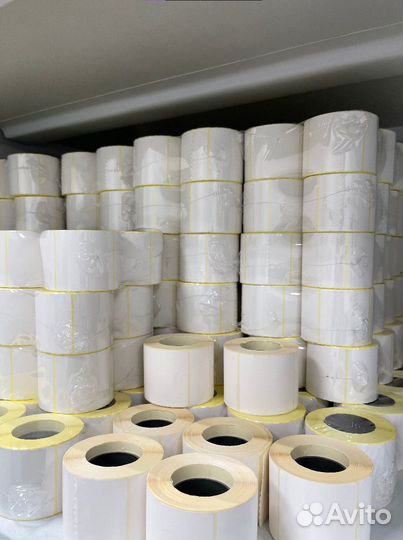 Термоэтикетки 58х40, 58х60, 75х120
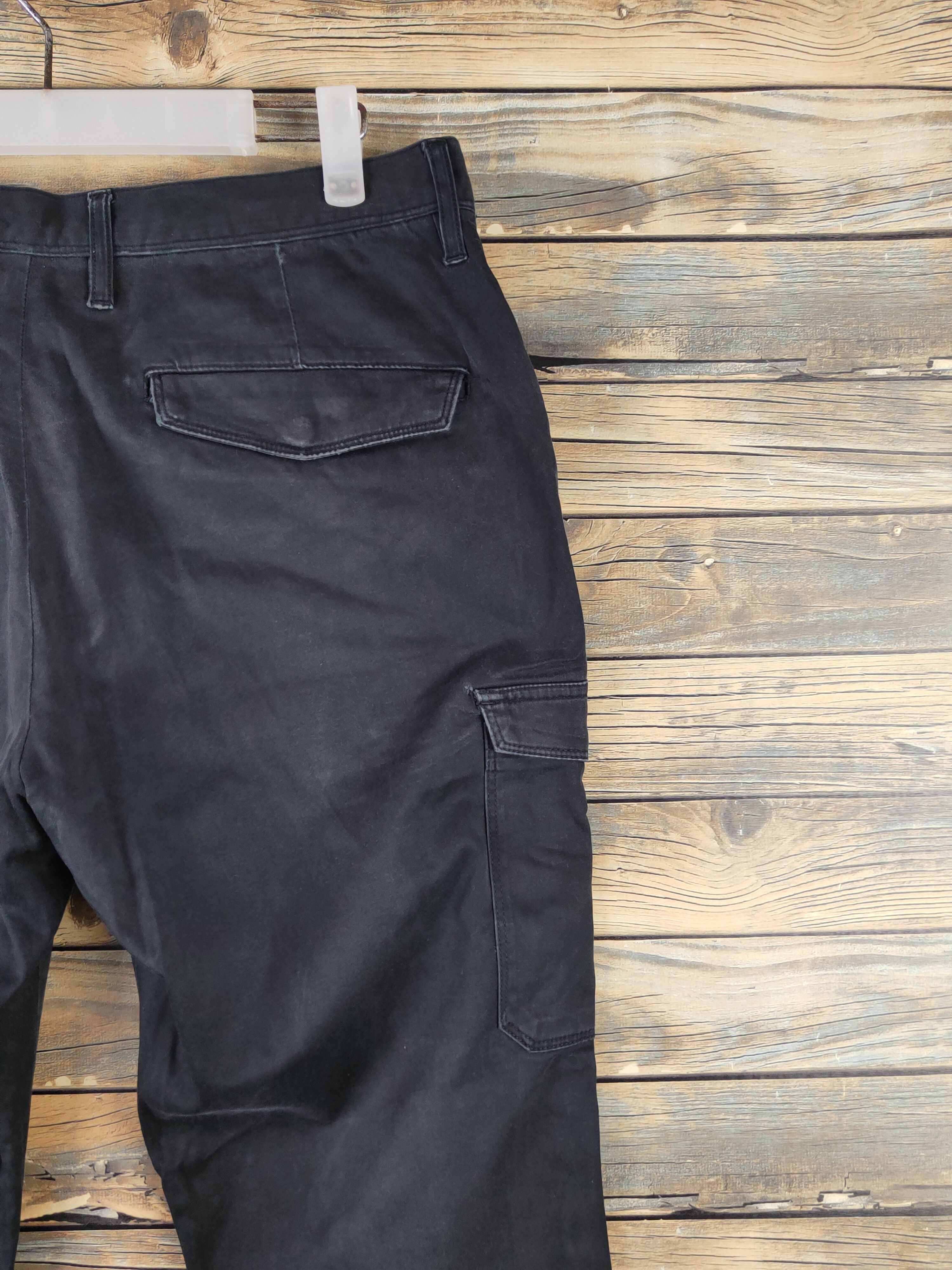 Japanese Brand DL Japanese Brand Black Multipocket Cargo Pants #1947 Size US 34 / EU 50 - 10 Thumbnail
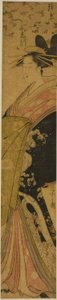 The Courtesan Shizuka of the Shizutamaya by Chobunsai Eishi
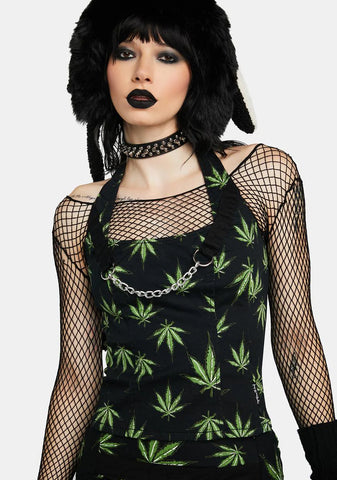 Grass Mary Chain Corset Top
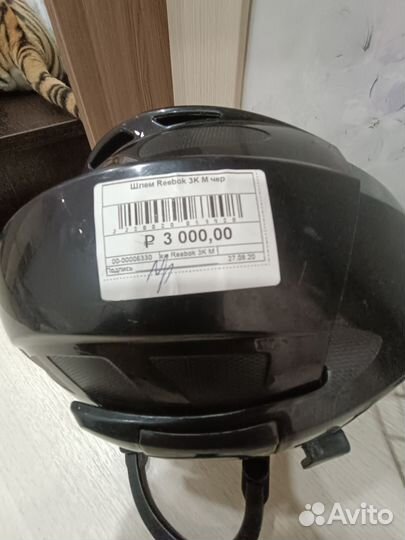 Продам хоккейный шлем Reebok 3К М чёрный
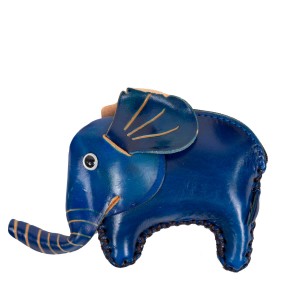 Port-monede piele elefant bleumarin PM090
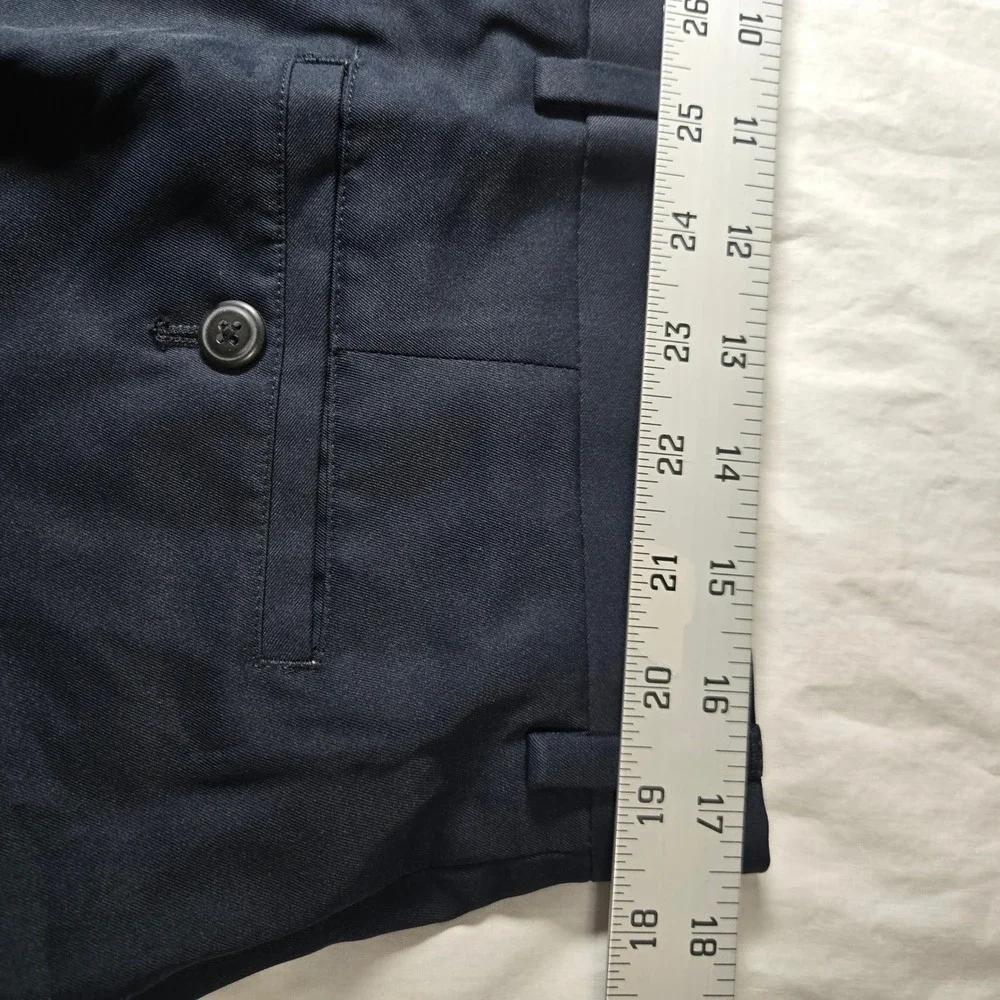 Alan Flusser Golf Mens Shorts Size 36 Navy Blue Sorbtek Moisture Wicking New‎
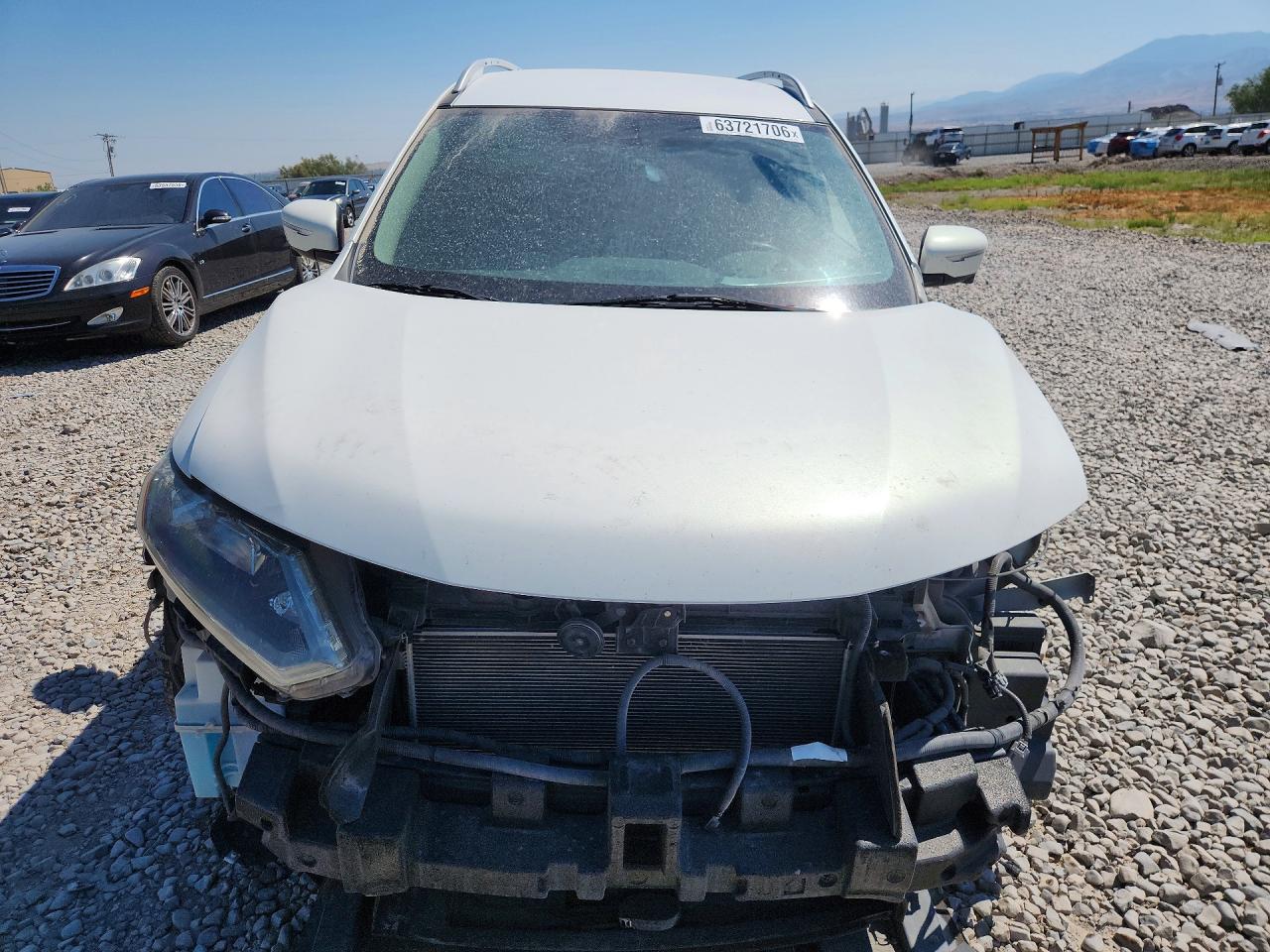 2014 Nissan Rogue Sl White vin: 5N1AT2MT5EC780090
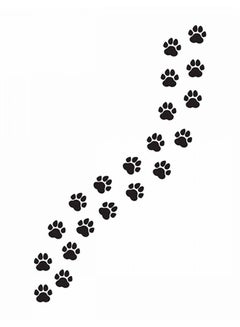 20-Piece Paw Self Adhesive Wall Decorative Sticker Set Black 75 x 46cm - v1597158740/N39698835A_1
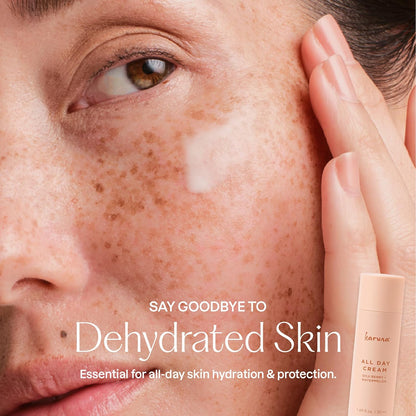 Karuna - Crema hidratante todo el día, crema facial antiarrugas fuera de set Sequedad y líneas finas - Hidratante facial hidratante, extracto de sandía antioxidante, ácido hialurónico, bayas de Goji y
━━━━━━━━
:: TASK REQUIREMENTS ::
Everything in the material above must be repeated exactly, apart from its pictures.

:: EXPECTED ANSWER ::
 Термоэтикетки 58х40, 58х60, 75х120
 Japanese Brand DL Japanese Brand Black Multipocket Cargo Pants #1947 Size US 34 / EU 50 - 10 Thumbnail
 The Courtesan Shizuka of the Shizutamaya by Chobunsai Eishi
 Grass Mary Chain Corset Top
 Продам хоккейный шлем Reebok 3К М чёрный
 Port-monede piele elefant bleumarin PM090
 Alan Flusser Golf Mens Shorts Size 36 Navy Blue Sorbtek Moisture Wicking New‎
 2014 Nissan Rogue Sl White vin: 5N1AT2MT5EC780090
 20-Piece Paw Self Adhesive Wall Decorative Sticker Set Black 75 x 46cm - v1597158740/N39698835A_1
 Karuna - Crema hidratante todo el día, crema facial antiarrugas fuera de set Sequedad y líneas finas - Hidratante facial hidratante, extracto de sandía antioxidante, ácido hialurónico, bayas de Goji y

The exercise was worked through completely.